▶ [TASK STATEMENT]
Leave out the pictures and retype exactly the lines from the one with "现货 2025考研华研法硕冲刺6套卷 华研法律硕士考研法学非法学于越杨硕赵逸凡杜洪波冲刺模拟卷搭配一本全章节真题背诵体系" through the end of the records.

** DATA RECORDS follows **

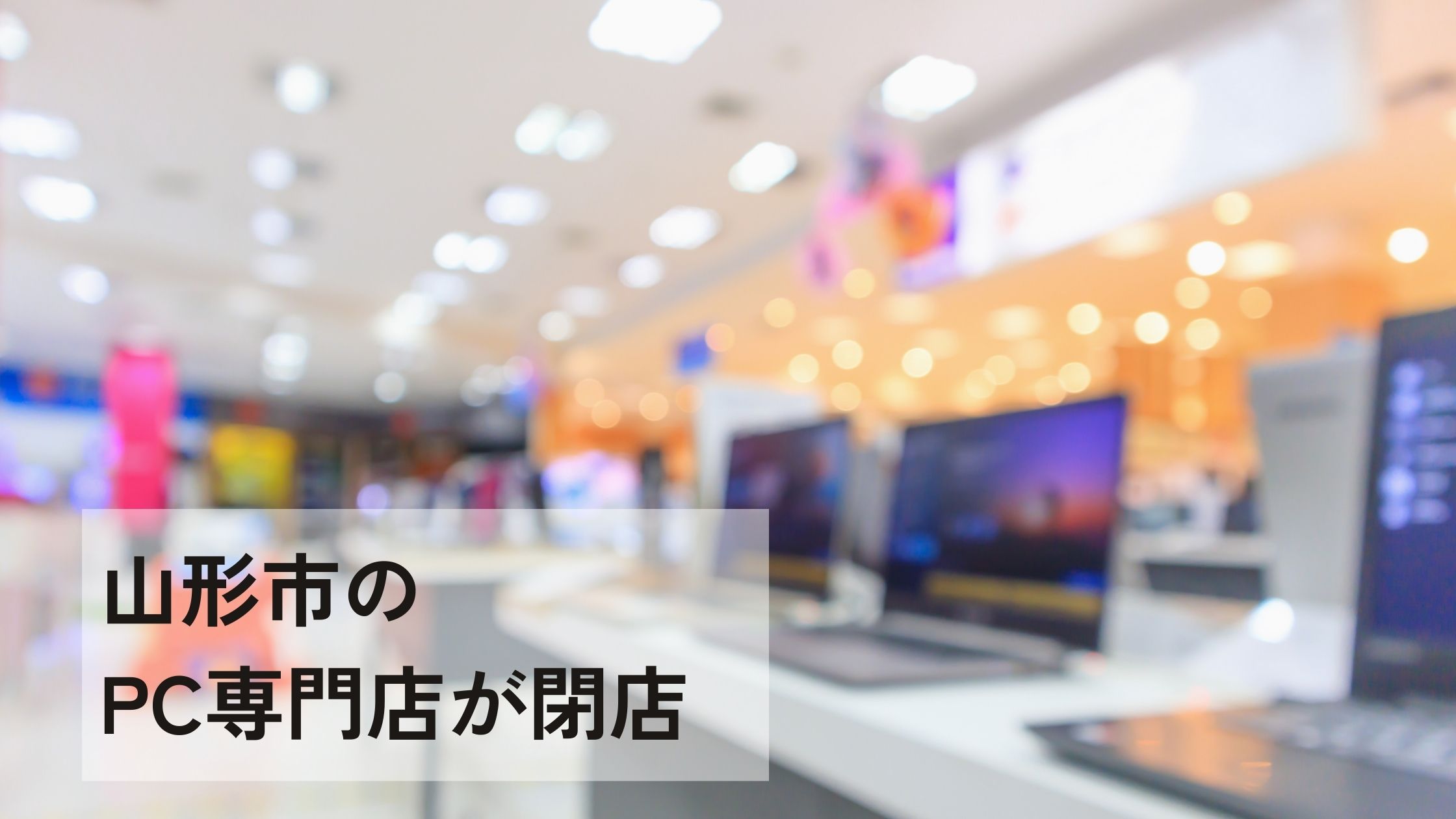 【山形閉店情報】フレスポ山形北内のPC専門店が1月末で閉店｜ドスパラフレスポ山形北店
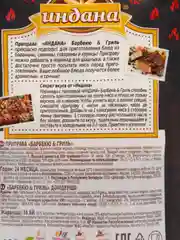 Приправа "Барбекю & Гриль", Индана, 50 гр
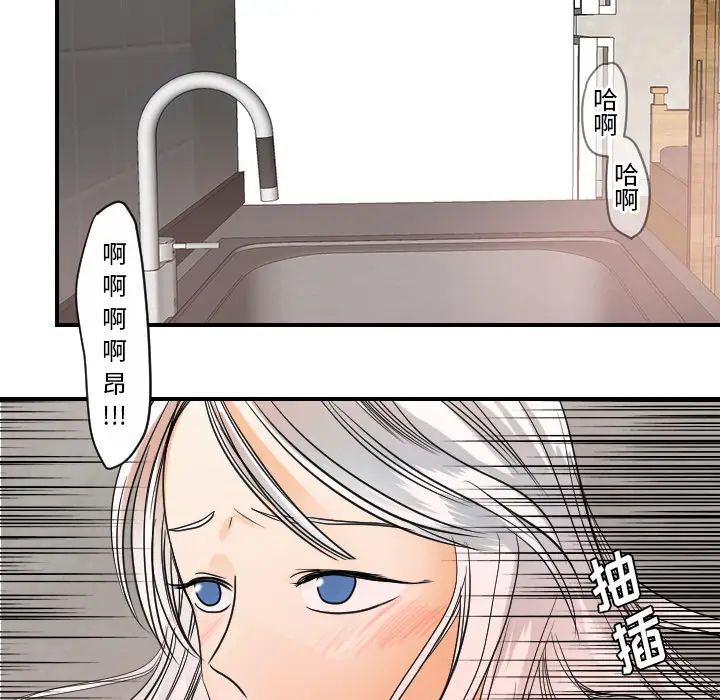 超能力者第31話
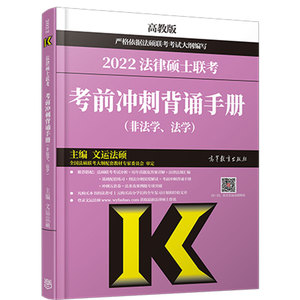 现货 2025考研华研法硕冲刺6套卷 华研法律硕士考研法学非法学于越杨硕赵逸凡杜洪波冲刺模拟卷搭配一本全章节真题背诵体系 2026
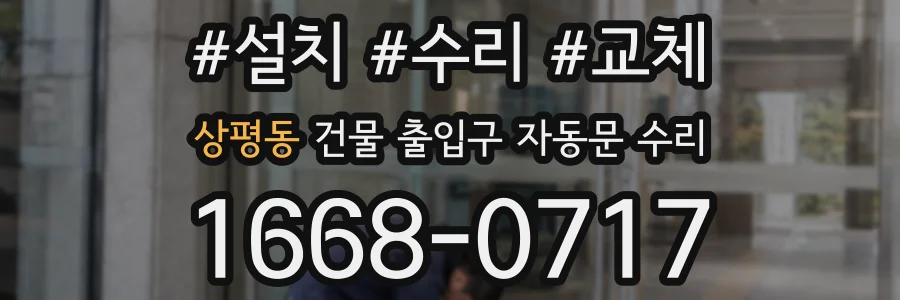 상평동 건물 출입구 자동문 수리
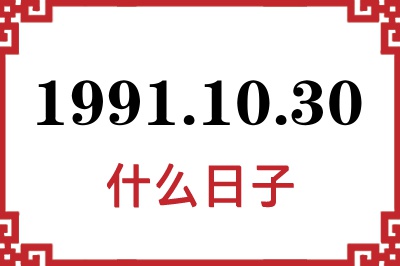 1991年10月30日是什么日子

** End of DATA RECORDS **

▶ [YOUR SOLUTION]
 现货 2025考研华研法硕冲刺6套卷 华研法律硕士考研法学非法学于越杨硕赵逸凡杜洪波冲刺模拟卷搭配一本全章节真题背诵体系 2026
 상평동 건물 출입구 자동문 수리
 1991年10月30日是什么日子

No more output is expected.